Neighborhood Measures

`n1`(X, y)	Calculates the Fraction of borderline points (N1) metric.
`n2`(X, y)	Calculates the Ratio of intra/extra class NN distance (N2) metric.
`n3`(X, y)	Calculates the Error rate of NN classifier (N3) metric.
`n4`(X, y)	Calculates the Nonlinearity of NN classifier (N4) metric.
`t1`(X, y)	Calculates the Fraction of hyperspheres covering data (T1) metric.
`lsc`(X, y)	Calculates the Local set average cardinality (LSC) metric.

problexity.classification.lsc(X, y)

Calculates the Local set average cardinality (LSC) metric.

The measure is dependent on the distances between instances and the distances to the instances’ nearest enemies – the nearest sample of the opposite class. The number of cases that lie closer to the sample than its closest enemy is taken into account during calculation.

\[LSC=1-\frac{1}{n_2}\sum^{n}_{i=1} |LS(x_i)|\]

Parameters:

X (array-like, shape (n_samples, n_features)) – Dataset
y (array-like, shape (n_samples)) – Labels of binary classification task ([0,1])

Return type:

float

Returns:

LSC score

problexity.classification.n1(X, y)

Calculates the Fraction of borderline points (N1) metric.

The Minimum Spanning Three is generated over input instances. The measure is computed by calculating the number of edges in the MST between instances of different classes over a total number of samples.

\[N1=\frac{1}{n} \sum^{n}_{i=1}I((x_i, x_j) \in MST \wedge y_i \neq y_j)\]

Parameters:

X (array-like, shape (n_samples, n_features)) – Dataset
y (array-like, shape (n_samples)) – Labels of binary classification task ([0,1])

Return type:

float

Returns:

N1 score

problexity.classification.n2(X, y)

Calculates the Ratio of intra/extra class NN distance (N2) metric.
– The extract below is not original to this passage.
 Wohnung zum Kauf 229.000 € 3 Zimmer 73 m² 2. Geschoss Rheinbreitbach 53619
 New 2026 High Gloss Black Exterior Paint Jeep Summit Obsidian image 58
The measure depends on the distances of each problem instance to its nearest neighbor of the same class and the distance to the nearest neighbor of a different class. According to the proportions of those values, the final measure is calculated.

\[N2=\frac{intra\_extra}{1+intra\_extra}\]

Parameters:

X (array-like, shape (n_samples, n_features)) – Dataset
y (array-like, shape (n_samples)) – Labels of binary classification task ([0,1])

Return type:

float

Returns:

N2 score

problexity.classification.n3(X, y)

Calculates the Error rate of NN classifier (N3) metric.
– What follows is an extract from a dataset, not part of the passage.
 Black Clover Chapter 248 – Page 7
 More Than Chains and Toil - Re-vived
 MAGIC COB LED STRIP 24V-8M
Measure is determined by the error rate of the One Nearest Neighbor Classifier in the Leave One Out evaluation protocol.

\[N3=\frac{\sum^{n}_{i=1}I(NN(x_i) \neq y_i)}{n}\]

Parameters:

X (array-like, shape (n_samples, n_features)) – Dataset
y (array-like, shape (n_samples)) – Labels of binary classification task ([0,1])

Return type:

float

Returns:

N3 score

problexity.classification.n4(X, y)

Calculates the Nonlinearity of NN classifier (N4) metric.

The measure is determined by the error rate of k - Nearest Neighbor Classifier on synthetic points, generated by linearly interpolating original instances. The Classifier is fitted on original points and evaluated on synthetic instances.
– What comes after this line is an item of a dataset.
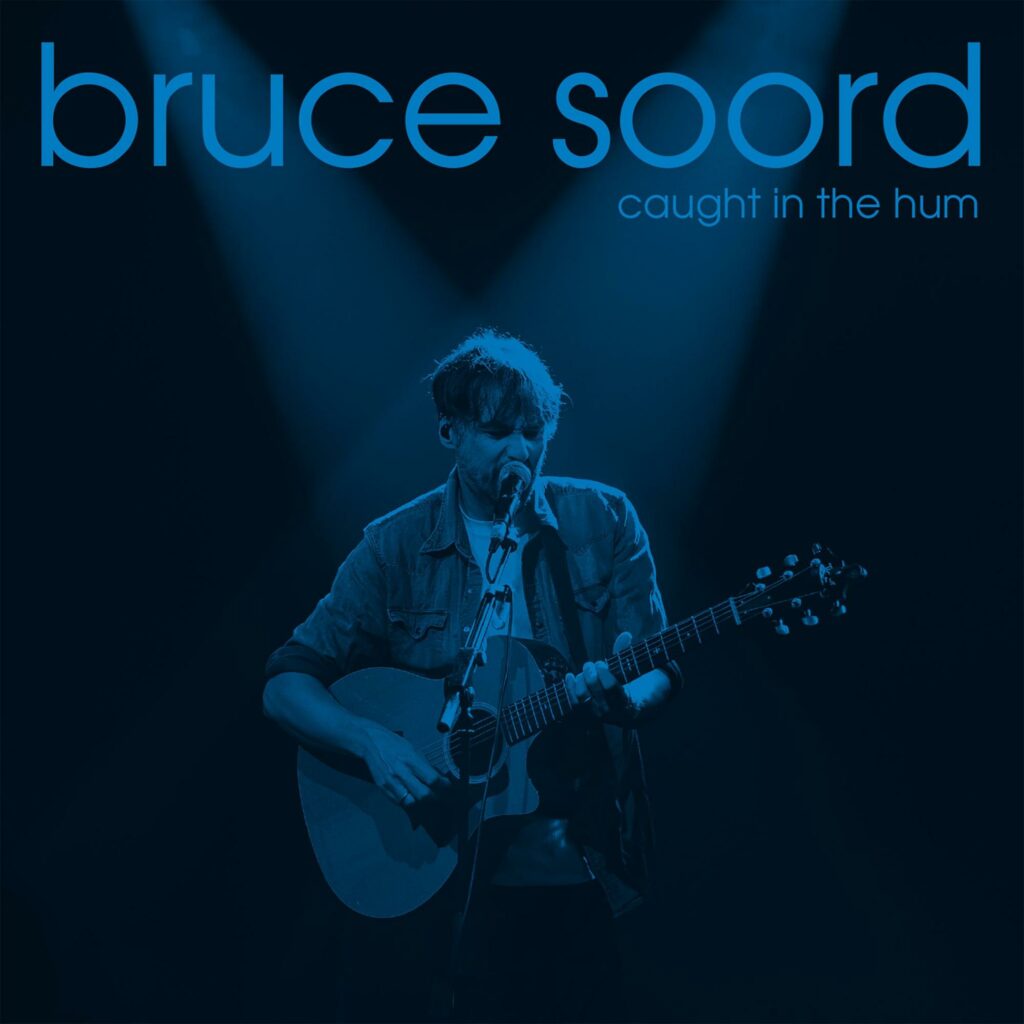 Bruce Soord Caught Hum DVD 5.1 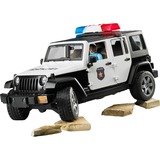 bruder 2526 veicolo giocattolo, Veicolo modello Jeep, Interno/esterno, 3 anno/i, Plastica, Multicolore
\[N4=\frac{1}{l}\sum^{l}_{i=1}I(NN_T(x'_i) \neq y'_i)\]

Parameters:

X (array-like, shape (n_samples, n_features)) – Dataset
y (array-like, shape (n_samples)) – Labels of binary classification task ([0,1])

Return type:

float

Returns:

N4 score

problexity.classification.t1(X, y)

Calculates the Fraction of hyperspheres covering data (T1) metric.

The measure is described by the number of hyperspheres needed to cover the data divided by a number of instances. First, a hypersphere is generated for each problem sample. A sample lies in the center of the hypersphere. Its radius is dependent on the distance to the instance of another class. The hyperspheres are eliminated if a different hypersphere already covers the center instance. The elimination starts from the hyperspheres with the largest radiuses and continues to the ones with smaller radiuses. The hyperspheres that were not eliminated are taken into account during the calculation of complexity.

\[T1=\frac{\#Hyperspheres(T)}{n}\]

Parameters:

X (array-like, shape (n_samples, n_features)) – Dataset
y (array-like, shape (n_samples)) – Labels of binary classification task ([0,1])

Return type:

float

Returns:

T1 score